EXPLORATION ANGLING

EXPLORATION ANGLING

NZ: Central North Island

The secrets of the other island

Southflyfisher's avatar
Southflyfisher
Jun 01, 2024
∙ Paid

There’s been a lot written about named New Zealand’s fly fishing rivers. Articles I’ve read in FlyLife, Fly Fisherman and other magazines blatantly name the access roads and other locational markers, thereby destroying any chance for the named river to avoid the immediate increased pressure that comes directly from public exposure.

As damaging, perhaps more so given the reach and longevity of Internet content, are the YouTube videos, Instagram reels and Facebook videos that unashamedly expose the hut names, track signage or obvious location marks such as photographing a named swing bridge with hut in the background. Exasperating.

Even our local Fish and Game NZ website and licence regulations provide lists of our top rivers, tributaries and lake names. Naming some of our most fragile under the Backcountry, Designated Water, or Controlled Fisheries licensing and ballot systems already exposes a large number of streams to increased attention. At least some of these operate under regulations that limit angler pressure, particularly those in the South Island.

Before I’m accused of hypocrisy, the information listed within the group of articles I’m publishing on backcountry Central North Island river systems is already easily accessible in other publications. Yup, freely available on the Internet if you search.
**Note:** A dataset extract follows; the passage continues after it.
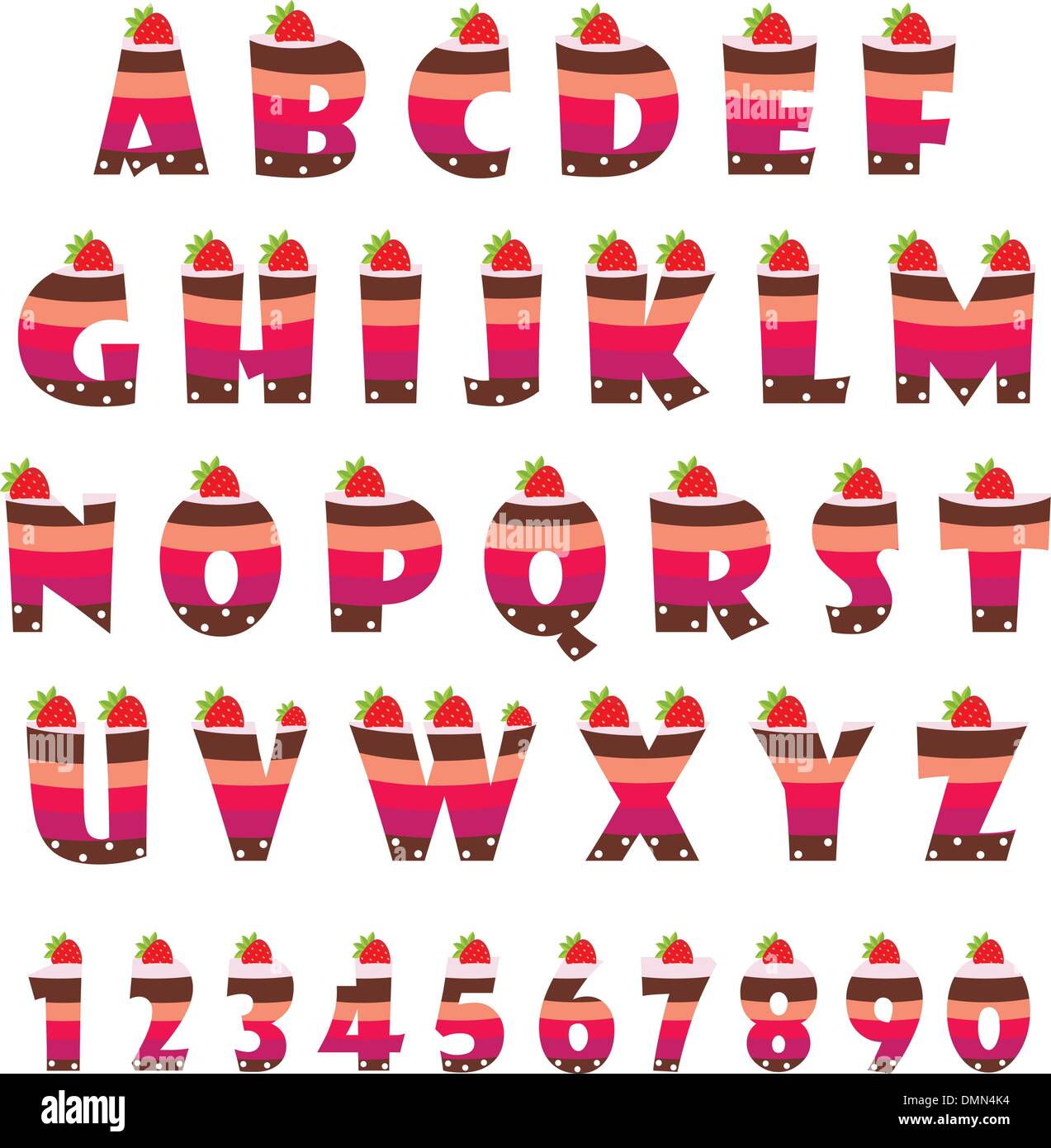 Süße Buchstaben des Alphabets Stock Vektor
I’m merely providing a repository and an updated data source to my subscribers.

By providing an extensive list of angling options, this widens the choice available to visiting and local anglers to the central North Island of New Zealand and reduces pressure on the easily accessible stretches of the historically more well known ‘name’ river systems.

I hope all of this information proves to be useful to prospective visitors to New Zealand in 2024 and beyond. It updates some of the guide books that were written back in the 1990s and don’t reflect the changes to access, river quality and angler pressure that has occured over the past thirty years.